In this study, we investigate the copula–entropy theory in bivariate analysis. Using the sample data with the known univariate populations (i.e., gamma and lognormal) and known dependence (Gumbel–Hougaard), it is concluded that the POME-based distribution derived may model the univariate distribution well. There is minimal difference for POME-based distribution based on the moment of the observed variable and that derived based on the scaled variable (i.e., scaling the observed variable to [0,1]). To avoid the improper integrals, the scaled variable is suggested to derive the POME-based distribution. Comparing to the true Gumbel–Hougaard copula, the MECC derived using the constraints of E(U), E(U2), E(V), E(V2), and E(UV) can properly model the dependence structure of the sample data. The MECC constructed successfully fulfills the fundamental properties of the copula, i.e., C(u,1) = u; C(1,v) = v. In addition, the derived MECC can well present the true dependence structure represented with the Gumbel–Hougaard copula.
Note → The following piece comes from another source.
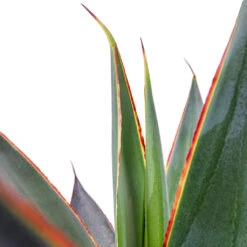 Agave Shaka Zulu -PlantVibe Shop Agave Shaka Zulu 15x25cm 2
Using the real watershed data (i.e., Flume 1 at Walnut Gulch, Arizona), the case study shows the appropriateness of POME-univariate distribution of scaled variable to model the univariate distribution for the observed variates. With the constraints E(U), E(U2), E(V), and E(V2) converging to the population moments of the uniform distributed variables as \( E(U^{i} ) = E(V^{i} ) = {1 \mathord{\left/ {\vphantom {1 {(i + 1)}}} \right. \kern-0pt} {(i + 1)}} \); the MECC constructed only depends on the rank-based dependence measure (in this case, Spearman’s rho). The derived MECC properly models the dependence of annual peak discharge and flood volume, which is independent of the marginal distributions (non-parametric or parametric). The evaluation of the flood risk (using “AND” case return period) indicates that the MECC copula reasonably represents the change of the return period of “AND” case.
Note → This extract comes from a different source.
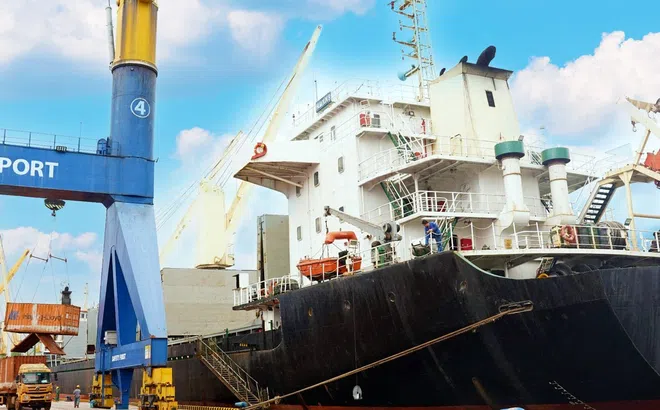 Sản lượng hàng hóa qua cảng Chu Lai tăng cao trong Quý I/2024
Overall, the study concludes as follows:

  1. (i)

    For the bivariate random variables investigated, the MECC may be easily and efficiently applied to model the dependence structure. Unlike other copulas, the MECC is uniquely defined for a given set of constraints. Its uniqueness allows one universal solution for the proposed frequency analysis.

  2. (ii)

    Similar to other copula families (e.g., Archimedean copulas, meta-elliptical copulas, vine copulas, etc.), the MECC may be applied for multivariate analysis in hydrology and water engineering, including multivariate rainfall analysis, multivariate drought analysis, spatial analysis of drainage networks, and spatial analysis of water quality as few examples.

  3. (iii)

    The bivariate MECC copula may be easily extended to higher dimensions. For example, for the d-dimensional variables \( \left[ {X_{ 1} ,X_{ 2} , \ldots ,X_{d} } \right] \) with the marginals of \( U_{i} = F_{i} (X_{i} ),i = 1,2, \ldots ,d \); the MECC may be constructed using the set of constraints, i.e., marginal \( E(U_{i}^{r} ) = {1 \mathord{\left/ {\vphantom {1 {(r + 1)}}} \right. \kern-0pt} {(r + 1)}},\quad \, i = 1,2, \ldots ,d \) and pair-wise \( E(U_{i} U_{j} );\quad \, i,j \in [1,d],i \ne j \) estimated from rank-based Spearman’s coefficient of correlation. The same optimization procedure applied for the bivariate case may be applied to construct the MECC for dependence structure in higher dimensions.